Top rows: The caudal fin of adult zebrafish regenerates rapidly after injury. Bottom row: Within 2 weeks the bony fin rays grow back to their initial size.
Retinoic acid signaling in the regenerating zebrafish caudal fin
The ability of adult vertebrate animals to completely regenerate organs after injury or amputation is limited to fish, salamanders and to lizards with evolved mechanisms of tail autotomy. It is an important goal to understand the molecular and cellular processes that allow adult tissue regeneration in these animals, and to understand why the ability for regeneration in humans is only very limited.
Zebrafish caudal fin regeneration requires proliferation of cells that originate in the stump tissue at the amputation surface. They form a proliferating tissue, the blastema, that gradually reconstitutes the amputated structures. Retinoic acid (RA) is a small molecule that acts as an activator of the expression of a number of target genes that are important for development, homeostasis and regeneration.

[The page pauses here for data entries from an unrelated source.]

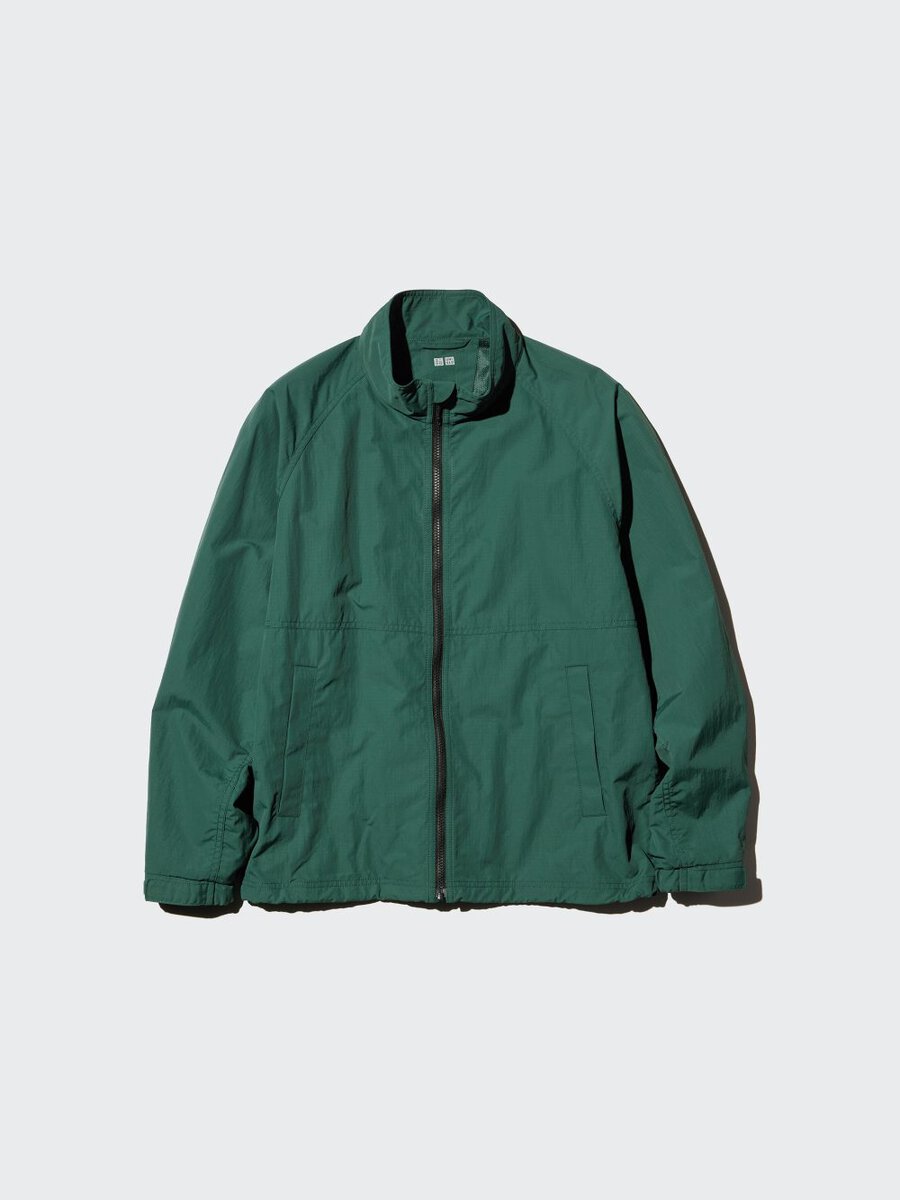 ユニクロ「MEN ウィンドプルーフスタンドブルゾン」¥5,990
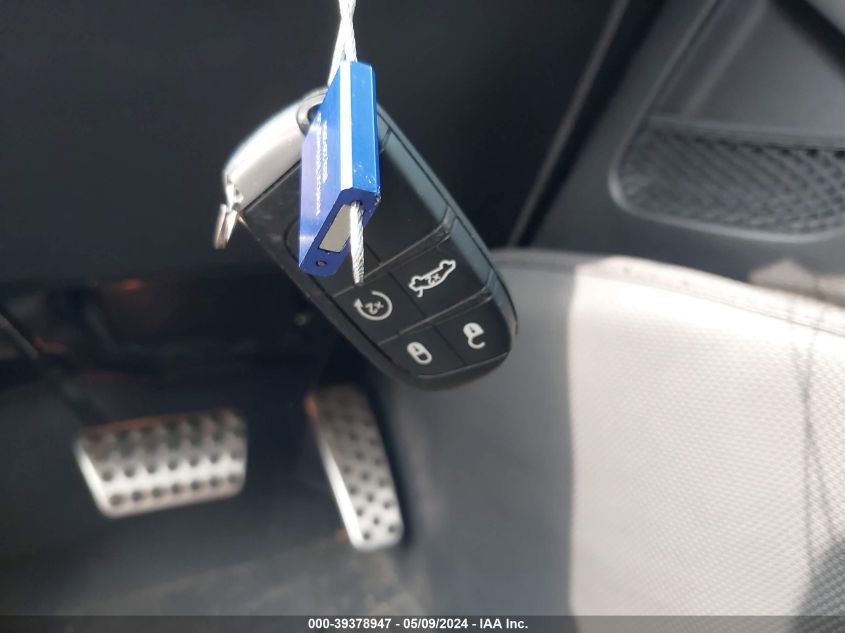 2023 Dodge Challenger R/T VIN: 2C3CDZBT2PH610960 Lot: 39378947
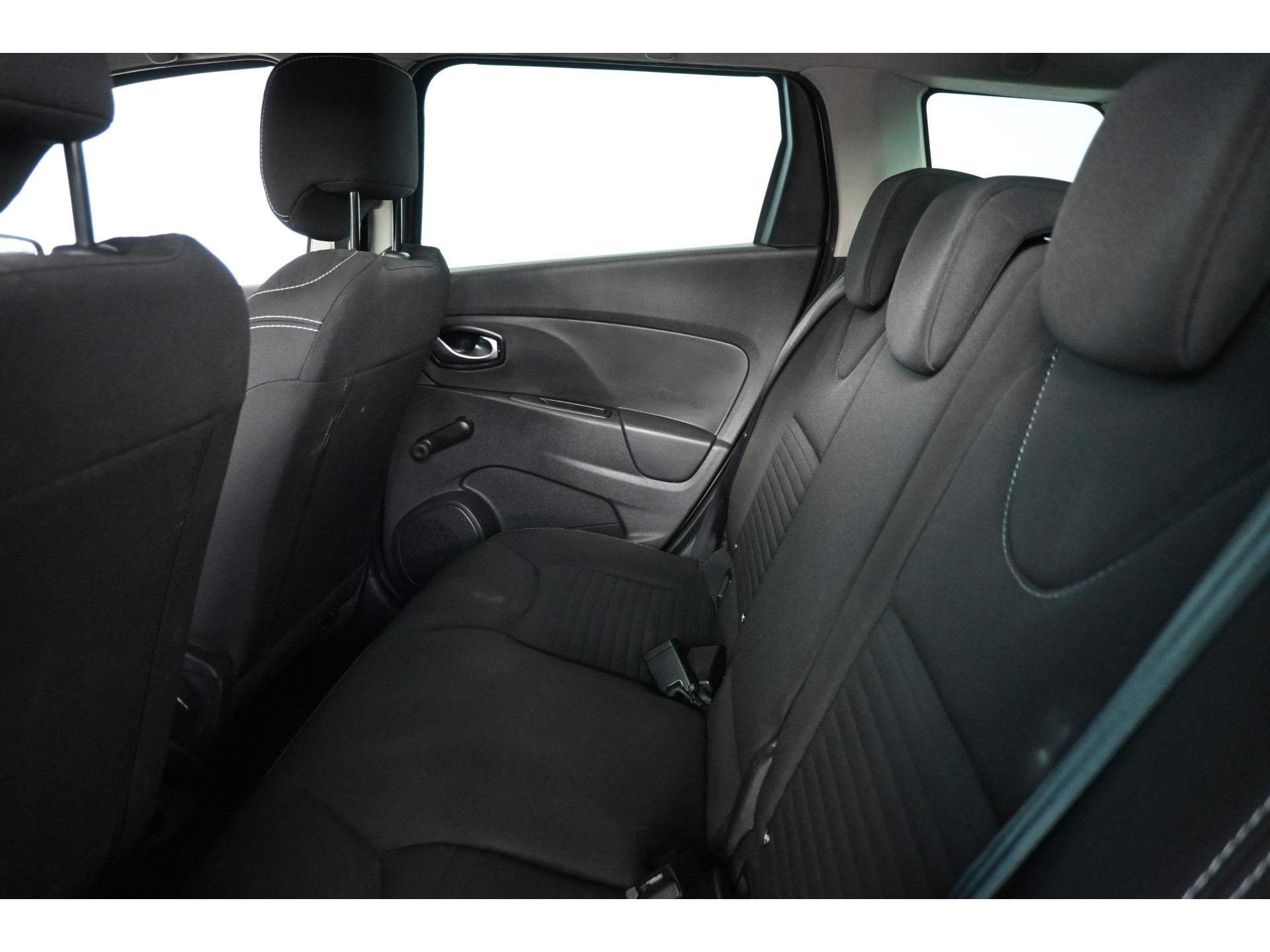 Renault Clio Estate 1.5 dCi ECO Limited Navigatie Airco Cruise control All in Prijs Inruil Mogelijk!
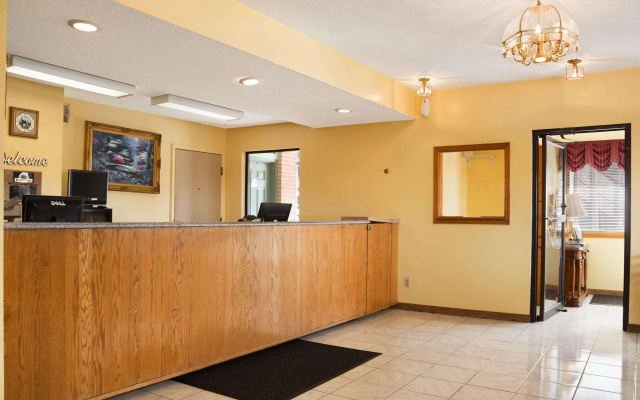 Days Inn Wichita West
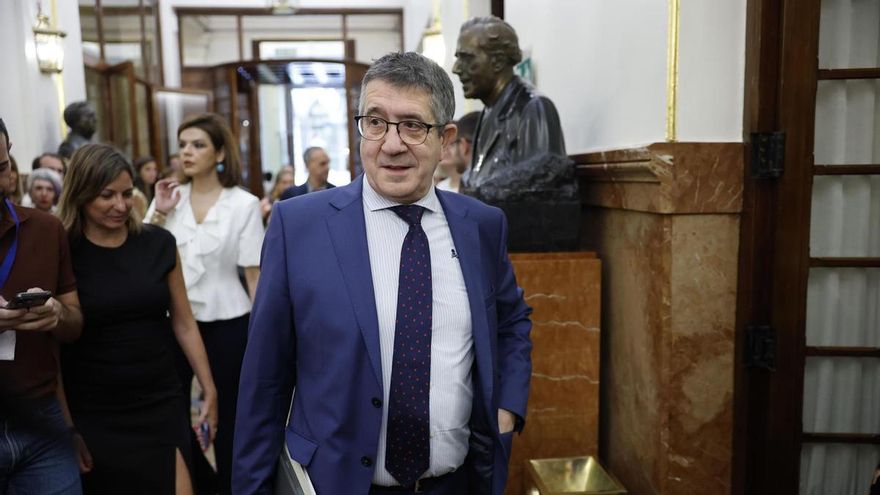 El portavoz del PSOE en el Congreso, Patxi López a su llegada al Congreso de los Diputados para asistir a la sesión de control al Gobierno, este miércoles. EFE/Chema Moya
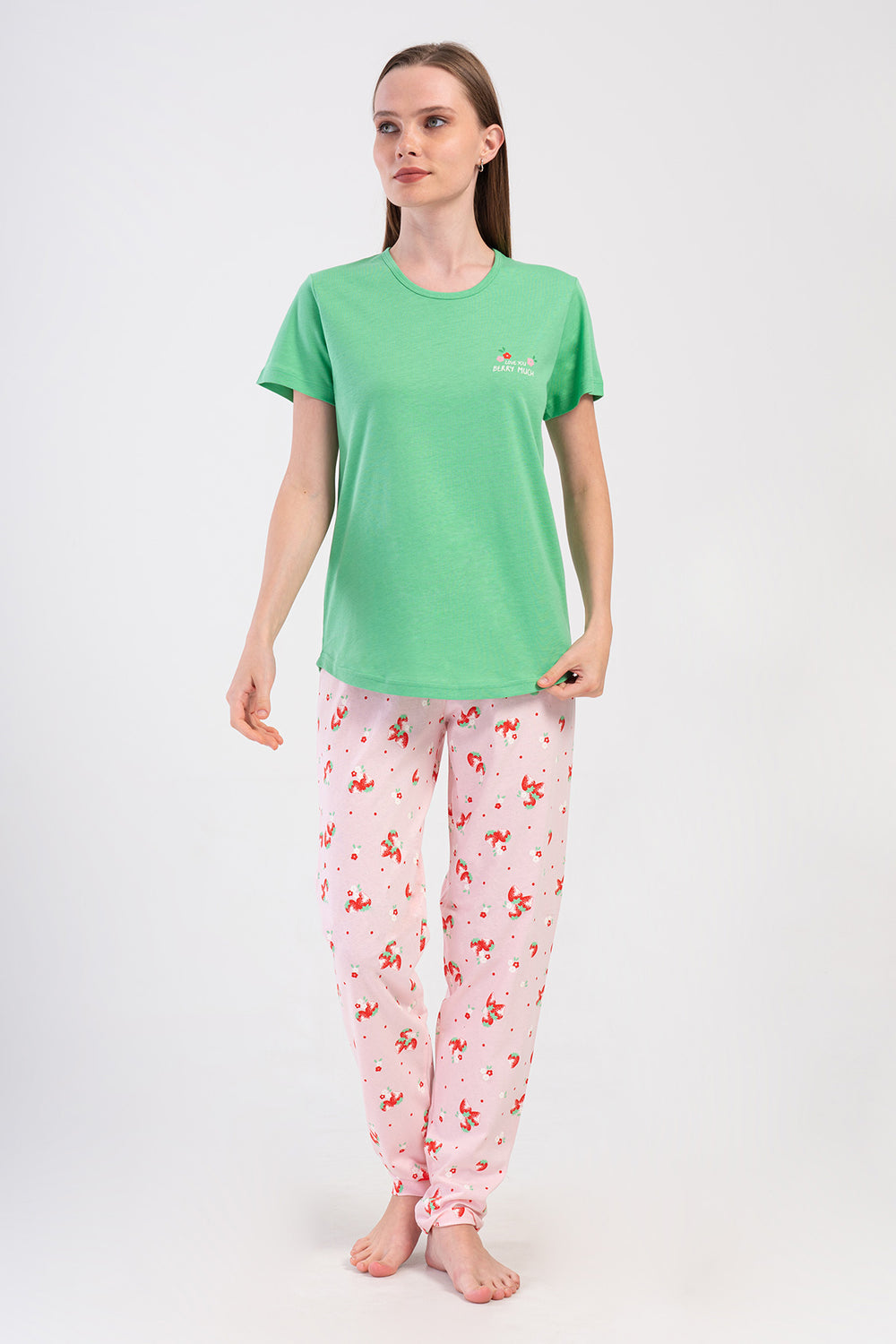 KADIN P.SUPREM O YAKA KISA KOL ETEGI OVAL PIJAMA TAKIM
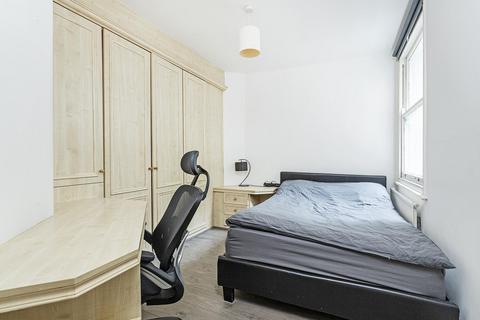 26 Rigault Road, London, SW6 4JL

RA has a long history of interests in regeneration research for its effects on regenerating limbs in salamanders: In short, exogenously added RA respecifies the positional identity of the blastema towards more proximal cell fates. Because the resulting limb contains supernumerary regions, the effect of RA on limb regeneration has been termed "super-regeneration". Interestingly, it has long been neglected to show if RA plays a role in normal regeneration, i.e. is there a phenotype of regenerated limbs that is associated with the loss of endogenous RA?
We addressed this question and showed that controlled RA treatment does not block blastema formation, but rather enhances proliferation in the fin stump. Genetic loss-of-function experiments demonstrate that RA signaling controls proliferation during blastema formation by integrating molecular signals that both stimulate and inhibit proliferation. We also uncovered an unanticipated role for RA to maintain the fast cycling blastemal population in the adult fish by protecting them from cell death.
In current and future experiments, we are examining the effects that changes in RA signaling have on the various cell types in the fin, including the regeneration of bony fin rays. Our studies are important in showing that blastemal proliferation, the hallmark of epimorphic regeneration, is dependent on RA. This will be informative for other regeneration models, such as the zebrafish heart, in which the RA signaling pathway is activated and likely plays a similar role in controlling proliferation.
GENETIC DIFFERENCES BETWEEN FORE- AND HINDLIMB DEVELOPMENT
Fore- and hindlimbs in vertebrates are homologous structures whose development is regulated mostly by the same signaling pathways. Nevertheless, a number of key genes are differently involved in the development of both limb types and it currently is debated whether retinoic acid (RA) signaling is required at all for the formation of pelvic fins.
We are investigating whether RA is required for hindlimb development using genetic means to manipulate its signaling activity. Furthermore, we have identified mutant fish that exclusively lack pelvic fins and displays defects in the posterior body. We are working at identifying the underlying mutations using pharmacological inhibitors to some of the candidate genes, as well as rescue experiments that supply either candidate gene alone to mutants. This project will identify new genes that specifically regulates hindlimb development, with implications for understanding how positional differences in the vertebrate body axis become manifested.
Development of RA-reporter lines
We are developing reporter lines that detect changes in RA signalling in developing and regenerating cells. On the one hand, we aim to detect the presence of RA directly through constructs that respond to cellular changes in RA availability. On the other hand, we have established BAC-recombineering to produce transgenic fish that faithfully recapitulate gene expression of the RA synthetizing enzymes in zebrafish. These lines will become essential tools in the analyses of RA signaling regulation.